Task: The span to repeat in the listing below runs from the line containing "Así es el Baile" to the line containing "Mobile Screenshot of goraet.bandcamp.com", inclusive. Repeat it exactly, and only it.

Extracted records:

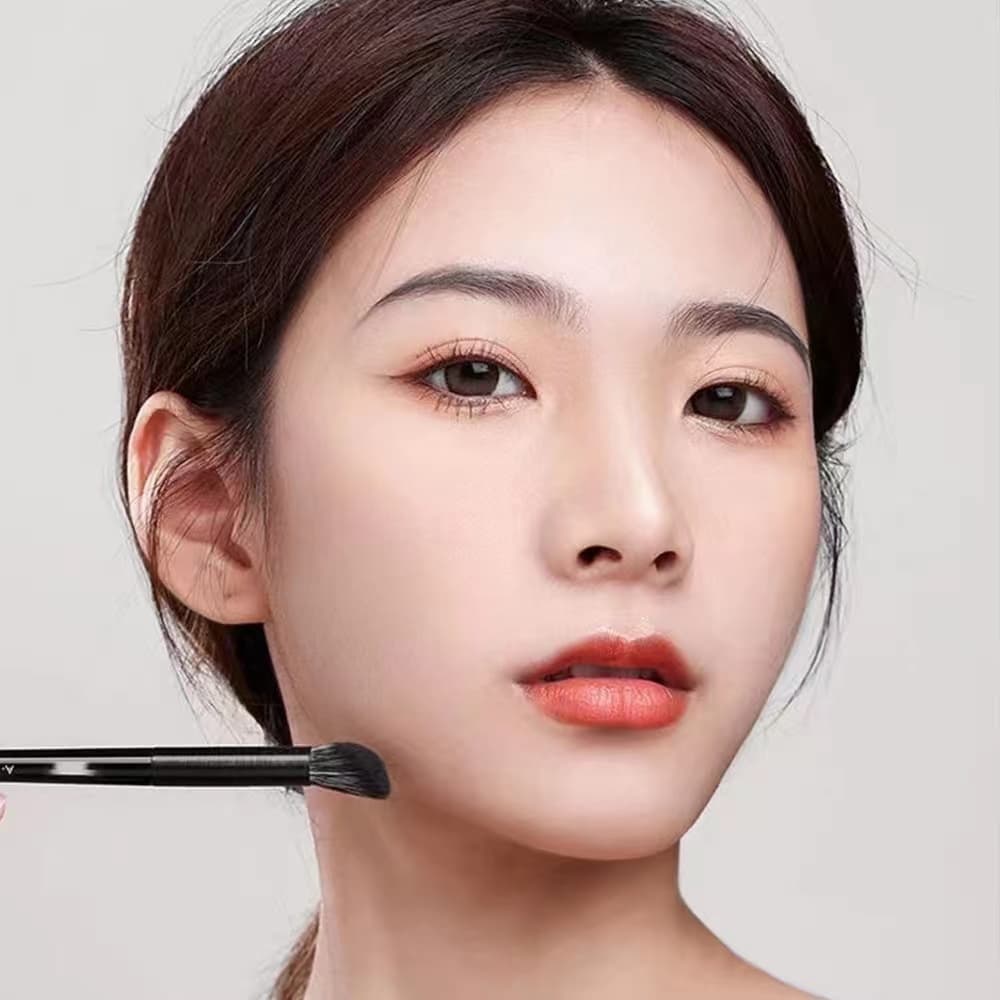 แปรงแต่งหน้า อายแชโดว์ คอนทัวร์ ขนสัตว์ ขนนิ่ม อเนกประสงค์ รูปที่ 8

...

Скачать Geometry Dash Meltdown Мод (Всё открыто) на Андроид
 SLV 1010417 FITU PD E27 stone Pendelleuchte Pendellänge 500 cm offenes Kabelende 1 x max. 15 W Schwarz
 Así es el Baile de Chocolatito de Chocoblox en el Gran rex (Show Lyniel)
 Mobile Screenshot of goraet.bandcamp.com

The answer:
 Así es el Baile de Chocolatito de Chocoblox en el Gran rex (Show Lyniel)
 Mobile Screenshot of goraet.bandcamp.com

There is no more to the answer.